EL: Die Zuordnung Blase - New Economy muss aufgeloest werden. Andere wuesten Behauptungen haben ebenfalls mit der Realitaet nichts zu tun. Wenn Baenker oder Boersenversierte behaupten, dass da Unmengen von Geld verbrannt sei, dann verdienen sie nichts weiter als eine Abmahnung fuer solch dreiste Verdummung. An Boersen kann kein Geld verbrennen, es wandert. Wenn man dann sagt, ok, wir haben eine Situation, die wir wohl alle falsch eingeschaetzt haben - dann kann daraus durchaus wertvolles entstehen. Dann kann man nach den Fehlern und Schwachstellen suchen und gucken, was man anders machen kann. Aber dann die Keule rauszuholen und auf die Vorstaende der Firmen und die Unternehmen selbst zu schlagen, ist sehr einfach. Was da Blase war, laesst sich mit einem einzigen Begriff bezeichnen: naemlich Gier. Die Blase war eine Gier nach Veraenderung. Wir wollen was anderes. Wir haben das Gefuehl, hier koennte es sein. Und das drueckt sich in der Blase am besten aus. Wir wollen was anderes. Wir wollen nicht mehr den alten Salat. Hier scheint eine Chance zu sein, die ja auch von einer breiten Oeffentlichkeit getragen wurde, und von den Medien... Wir streiten dafuer und gucken mal, was das Ergebnis sein wird.
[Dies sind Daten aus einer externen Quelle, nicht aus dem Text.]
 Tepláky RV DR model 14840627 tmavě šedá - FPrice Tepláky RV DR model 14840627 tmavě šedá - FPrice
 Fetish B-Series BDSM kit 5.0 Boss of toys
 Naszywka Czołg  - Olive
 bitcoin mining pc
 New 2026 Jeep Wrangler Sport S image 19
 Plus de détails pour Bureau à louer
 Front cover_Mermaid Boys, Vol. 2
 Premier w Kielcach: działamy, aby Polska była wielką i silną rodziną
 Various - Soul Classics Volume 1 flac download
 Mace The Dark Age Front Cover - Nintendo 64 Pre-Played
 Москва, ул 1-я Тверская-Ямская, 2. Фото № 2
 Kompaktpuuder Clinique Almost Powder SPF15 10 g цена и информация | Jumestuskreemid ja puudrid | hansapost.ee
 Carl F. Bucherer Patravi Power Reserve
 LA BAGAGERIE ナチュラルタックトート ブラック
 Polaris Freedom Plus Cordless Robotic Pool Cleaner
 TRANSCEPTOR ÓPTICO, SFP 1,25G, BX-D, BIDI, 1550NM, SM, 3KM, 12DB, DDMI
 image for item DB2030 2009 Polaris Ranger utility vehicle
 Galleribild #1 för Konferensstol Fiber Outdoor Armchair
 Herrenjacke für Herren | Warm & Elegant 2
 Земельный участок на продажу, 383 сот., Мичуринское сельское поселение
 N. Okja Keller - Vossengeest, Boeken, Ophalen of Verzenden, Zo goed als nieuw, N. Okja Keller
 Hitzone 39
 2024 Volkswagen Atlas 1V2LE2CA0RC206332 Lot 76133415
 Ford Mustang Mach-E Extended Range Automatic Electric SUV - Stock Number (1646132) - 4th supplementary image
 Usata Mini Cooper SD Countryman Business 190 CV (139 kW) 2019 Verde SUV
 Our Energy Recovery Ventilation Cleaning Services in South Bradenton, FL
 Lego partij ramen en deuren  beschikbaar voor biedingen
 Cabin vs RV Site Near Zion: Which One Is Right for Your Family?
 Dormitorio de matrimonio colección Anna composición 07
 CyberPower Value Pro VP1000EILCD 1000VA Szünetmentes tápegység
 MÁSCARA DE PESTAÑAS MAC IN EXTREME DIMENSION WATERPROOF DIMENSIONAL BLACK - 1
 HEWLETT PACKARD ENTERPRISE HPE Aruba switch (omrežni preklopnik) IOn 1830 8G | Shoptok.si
BKB: Versteh ich Dich richtig, dass Du Blase in dem Moment anders konnotierst, naemlich in dem Sinne, dass alle auf einer Wolke getragen in eine andere Richtung gehen wollten. Blase nicht in Sinne von Leerraum, substanz- und wertlos, eher getragen von einem Wunsch, einer Gier nach Veraenderung.

EL: Es ist nur unvollstaendig beschrieben, dass nach dem Platzen der Blase nichts mehr da sei. Das stimmt ja nicht. Nur die aeussere Huelle hat sich aufgeloest. Und was in der Blase war, entfaltet sich und geht bestimmte Wege. Ich behaupte und bin ueberzeugt, dass wir nur die Windeljahre erlebt haben. Es wurde viel gekackt und geschissen. Und alles wird weggeschmissen - in den Muelleimer, Deckel drauf und zu. Es ist die Frage, ob das der richtige Umgang ist. Und jetzt ist eine sicherlich noch einige Zeit anhaltende Gegenbewegung zu beobachten, die auch durchaus noch reaktionaerer werden kann - man sieht es ja im gesamten Weltzusammenhang... Ein Versuch des Zurueckdraengens.